Specifically looking for:

1. the _names_ given to the different varieties (those with kataifi rather than filo, for instance)

2. the _procedure_ for those which, I think, are sauteed (or baked?) in ghee, becoming a bit hard in the process (Bourma and maybe Boukaj?)

Thanks!


----------



## Andy M. (Aug 24, 2006)

These desserts are common over the entire region.  The Syrians, Greeks, Armenians, Turks, etc. all make these. The names are variations of one another and the recipes differ from home to home.

Baklava/paklava is made with multiple layers of phyllo/filo dough.  The nuts differ from walnuts to pistachios.  The syrup is either sugar or honey based.

Kataifi/kadaif is made with shredded filo dough and a similar nut mixture and syrup combination.

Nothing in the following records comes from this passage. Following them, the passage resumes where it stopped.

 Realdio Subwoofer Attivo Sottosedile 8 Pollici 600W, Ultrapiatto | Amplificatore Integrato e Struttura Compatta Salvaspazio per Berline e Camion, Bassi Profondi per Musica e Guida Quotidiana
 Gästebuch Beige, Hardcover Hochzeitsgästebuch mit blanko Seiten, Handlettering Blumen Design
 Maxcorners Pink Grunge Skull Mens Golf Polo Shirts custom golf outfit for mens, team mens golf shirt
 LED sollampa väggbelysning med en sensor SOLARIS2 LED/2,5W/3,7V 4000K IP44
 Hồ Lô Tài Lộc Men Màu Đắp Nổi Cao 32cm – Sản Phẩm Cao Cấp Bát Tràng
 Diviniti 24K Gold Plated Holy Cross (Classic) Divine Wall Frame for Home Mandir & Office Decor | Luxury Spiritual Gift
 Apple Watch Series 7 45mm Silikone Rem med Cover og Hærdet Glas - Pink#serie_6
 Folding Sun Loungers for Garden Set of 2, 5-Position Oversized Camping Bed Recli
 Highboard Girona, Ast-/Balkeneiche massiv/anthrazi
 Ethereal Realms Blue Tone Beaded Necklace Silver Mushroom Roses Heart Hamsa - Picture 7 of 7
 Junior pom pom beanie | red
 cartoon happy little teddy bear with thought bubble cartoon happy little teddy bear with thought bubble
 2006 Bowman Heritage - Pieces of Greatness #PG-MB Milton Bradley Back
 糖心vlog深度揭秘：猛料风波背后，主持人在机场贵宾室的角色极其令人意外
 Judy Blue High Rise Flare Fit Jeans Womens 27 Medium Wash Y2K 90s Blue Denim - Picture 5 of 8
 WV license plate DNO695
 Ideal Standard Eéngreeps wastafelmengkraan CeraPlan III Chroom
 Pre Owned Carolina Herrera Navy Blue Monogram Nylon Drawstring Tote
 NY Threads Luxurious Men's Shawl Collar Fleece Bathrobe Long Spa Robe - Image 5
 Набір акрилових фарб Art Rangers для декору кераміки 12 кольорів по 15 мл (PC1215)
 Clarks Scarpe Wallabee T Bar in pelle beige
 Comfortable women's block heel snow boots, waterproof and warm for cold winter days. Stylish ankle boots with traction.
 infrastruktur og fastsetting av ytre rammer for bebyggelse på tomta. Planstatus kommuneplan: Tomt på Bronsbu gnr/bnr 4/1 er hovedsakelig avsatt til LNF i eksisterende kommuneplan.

Burma is made with filo dough sprinkled with a nut mixture and rolled up on a wood dowel.  Then the ends of the rolled dough are pushed  towards the center so the dough folds up like an accordion.

The filo dough for the paklava and burma are brushed generously with butter and baked.  The kadaif is not buttered this way.

All are baked, cooled and doused with syrup.


----------



## Ishbel (Aug 25, 2006)

I have always been able to taste rose water in baklavas in Lebanon and in Turkey.  But I don't think the addition of rosewater would affect the texture too much.


----------



## XeniA (Aug 25, 2006)

Thanks Andy and Ishbel!

Perhaps I should make it clear that I'm not unfamiliar with these sweets, I'm just seeking specifics so I can reproduce them at home.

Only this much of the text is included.